As to the 4th cause of action for failure to provide reasonable accommodation, and the 5th cause of action for failure to engage in the interactive process:
Disability discrimination law imposes a duty on an employer to engage in an interactive process in good faith when an employee makes the employer aware of the disability and the limitation(s) caused by the disability. The employer must then offer an accommodation if reasonable, and has a continuing obligation if aware that an initial accommodation is failing and a further accommodation is needed. Scotch v. Art Institute of California (2009) 173 Cal.App.4th 986, 1013.

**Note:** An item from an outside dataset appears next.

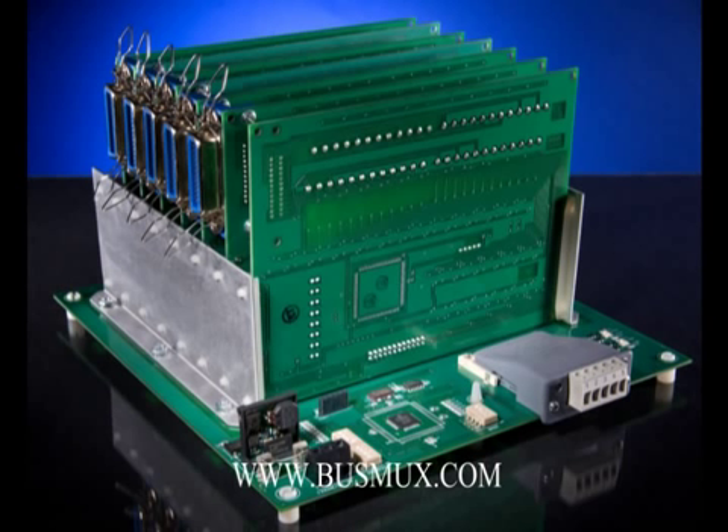The BustMux uses what we like to call open technology, meaning it will accept standard thermocouples, 4 to 20 milliamp or millivolt signals. It then multiplexes an unlimited amount of signals onto any standard bus network, such as DeviceNet, Ethernet IP, Modbus TCP, Profibus, and many more.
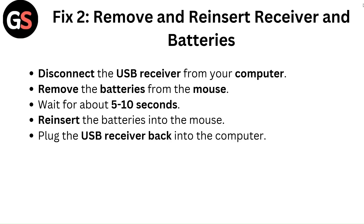Fix 2: Remove and reinsert receiver and batteries. Disconnect the USB receiver from your computer, remove the batteries from the mouse, and wait for about 5 to 10 seconds. Then reinsert the batteries into the mouse and plug the USB receiver back into the computer.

Because the employer is in a better position than the employee to identify and evaluate possible alternatives, it is the employer’s responsibility during the interactive process to find any reasonable alternative(s). Although the plaintiff’s complaint need not allege what reasonable alternative(s) could have been offered, by time of trial after discovery the plaintiff would have the burden of proving that one existed but was not offered by the employer. Id. at 1018-1019.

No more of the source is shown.